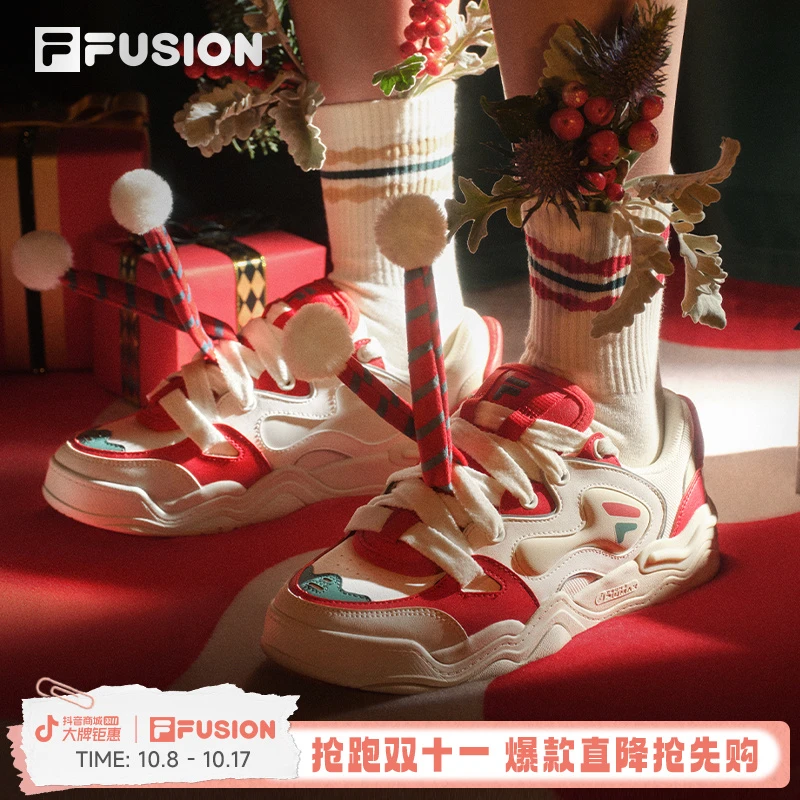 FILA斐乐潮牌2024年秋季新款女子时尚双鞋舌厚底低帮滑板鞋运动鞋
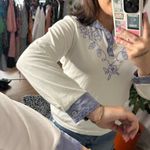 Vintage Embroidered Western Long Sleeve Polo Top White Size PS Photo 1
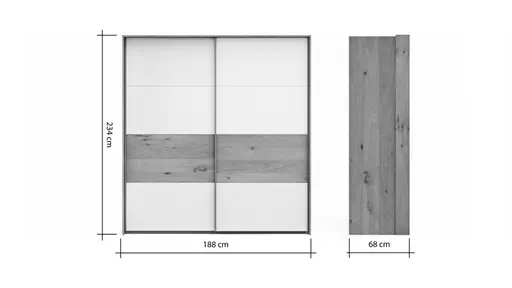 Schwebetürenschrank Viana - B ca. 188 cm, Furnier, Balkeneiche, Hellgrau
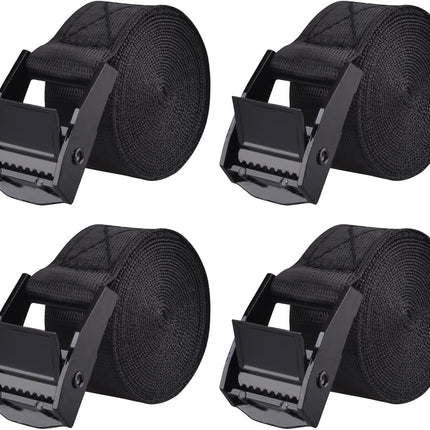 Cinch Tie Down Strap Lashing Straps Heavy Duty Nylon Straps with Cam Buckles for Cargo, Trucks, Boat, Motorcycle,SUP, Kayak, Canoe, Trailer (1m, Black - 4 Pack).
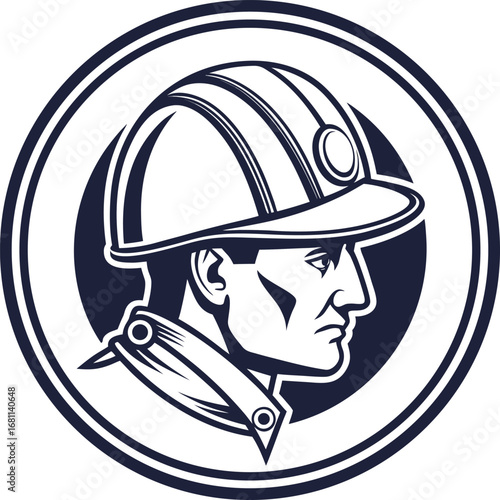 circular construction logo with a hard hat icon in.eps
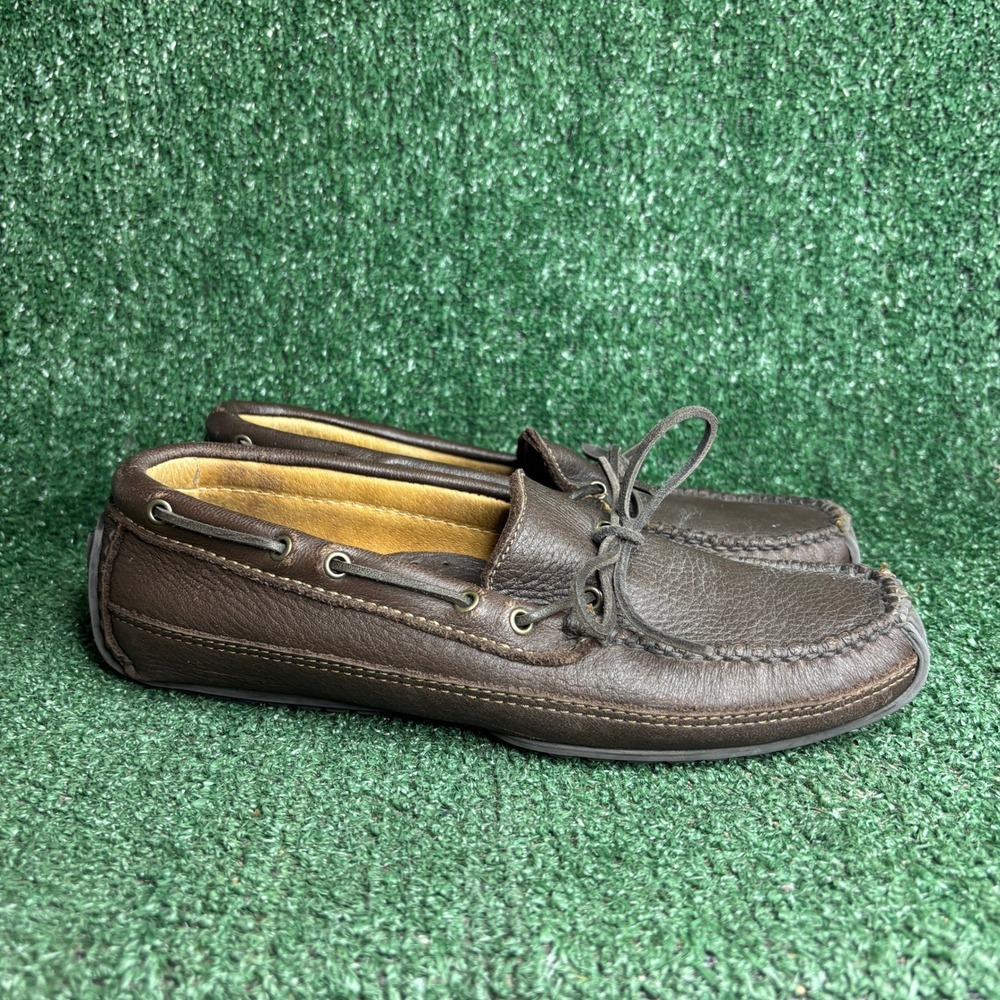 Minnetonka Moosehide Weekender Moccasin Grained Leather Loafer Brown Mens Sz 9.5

# # # # # # #

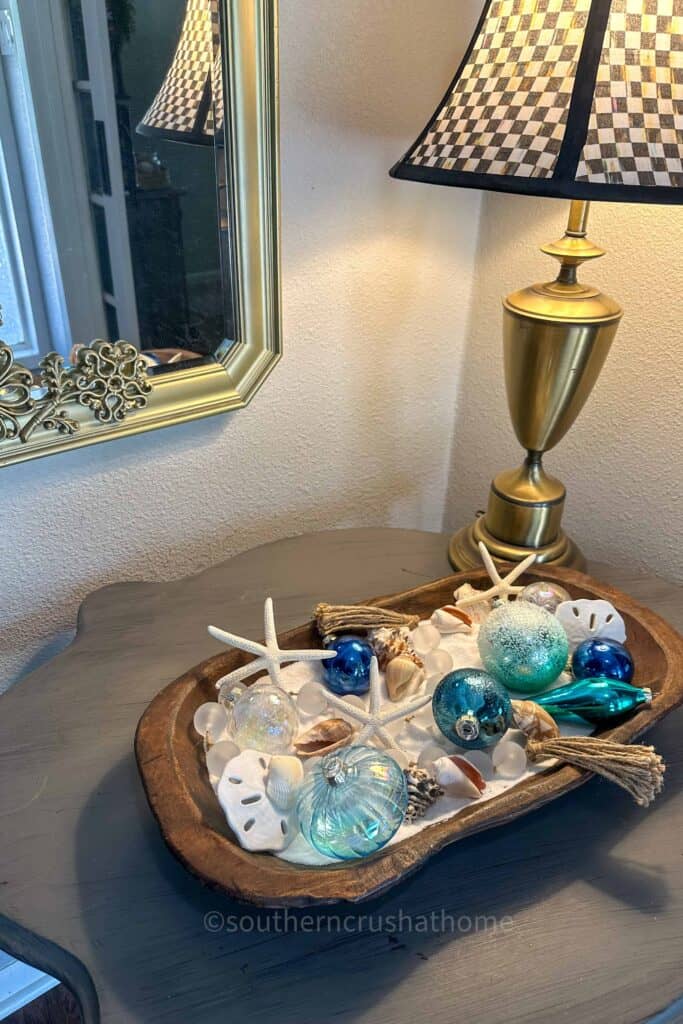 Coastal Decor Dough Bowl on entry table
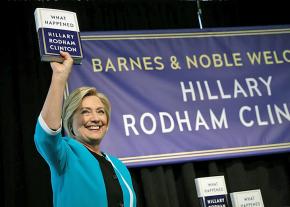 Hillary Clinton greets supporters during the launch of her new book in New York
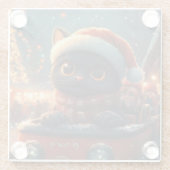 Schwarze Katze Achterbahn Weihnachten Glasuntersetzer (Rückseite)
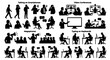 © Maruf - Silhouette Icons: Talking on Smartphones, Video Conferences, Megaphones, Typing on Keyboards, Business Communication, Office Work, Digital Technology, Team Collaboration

# # # # # # #

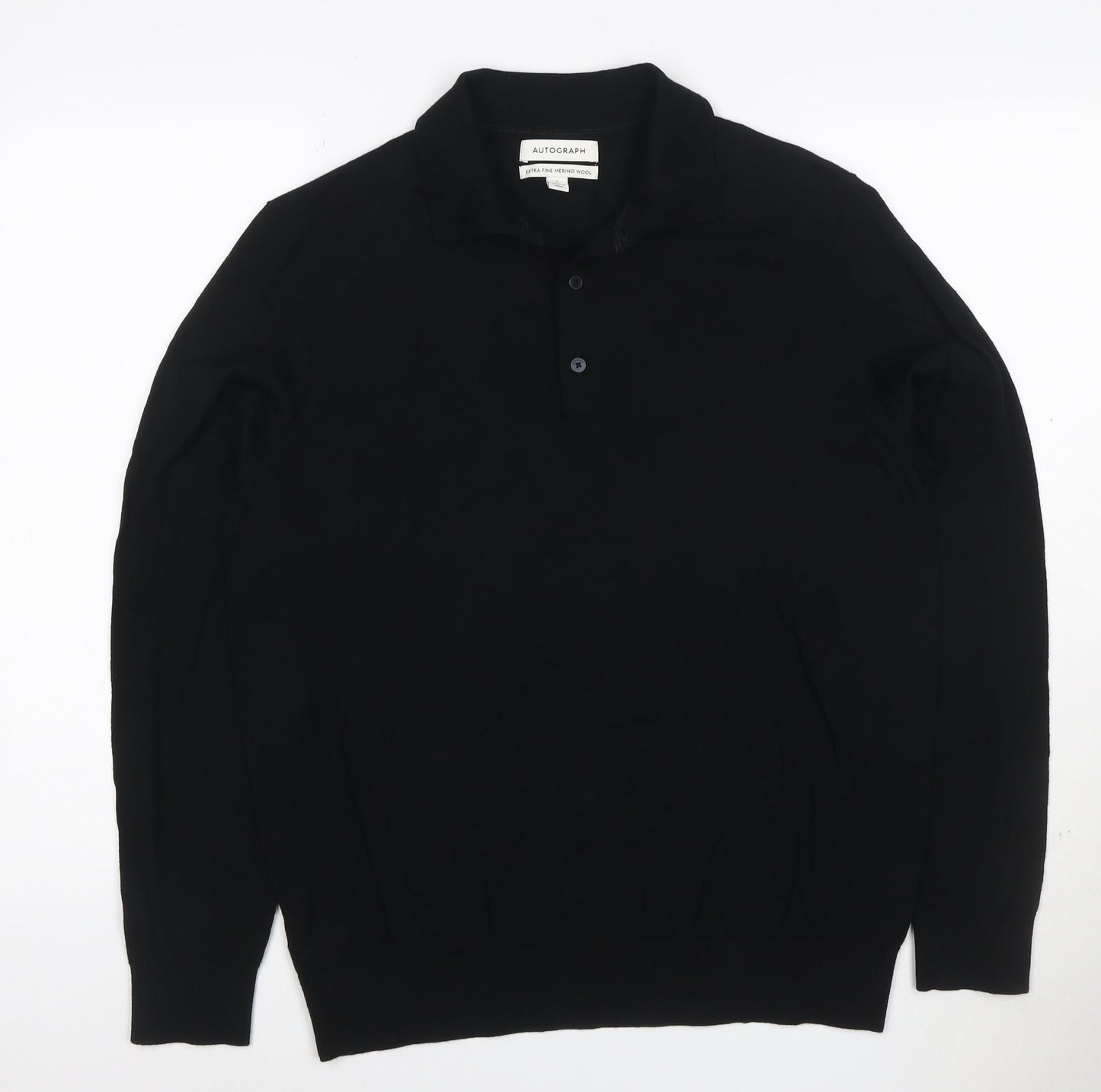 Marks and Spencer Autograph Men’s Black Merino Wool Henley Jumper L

# # # # # # #

● EXERCISE BRIEF: What lines above run from the one with "FILA斐乐潮牌2024年秋季新款女子时尚双鞋舌厚底低帮滑板鞋运动鞋" to the one with "Minnetonka Moosehide Weekender"? Give them again exactly, ends included, and leave the pictures out.

● TASK OUTPUT:
 FILA斐乐潮牌2024年秋季新款女子时尚双鞋舌厚底低帮滑板鞋运动鞋
 Vintage Embroidered Western Long Sleeve Polo Top White Size PS Photo 1
 Schwebetürenschrank Viana - B ca. 188 cm, Furnier, Balkeneiche, Hellgrau
 Cinch Tie Down Strap Lashing Straps Heavy Duty Nylon Straps with Cam Buckles for Cargo, Trucks, Boat, Motorcycle,SUP, Kayak, Canoe, Trailer (1m, Black - 4 Pack).
 circular construction logo with a hard hat icon in.eps
 Minnetonka Moosehide Weekender Moccasin Grained Leather Loafer Brown Mens Sz 9.5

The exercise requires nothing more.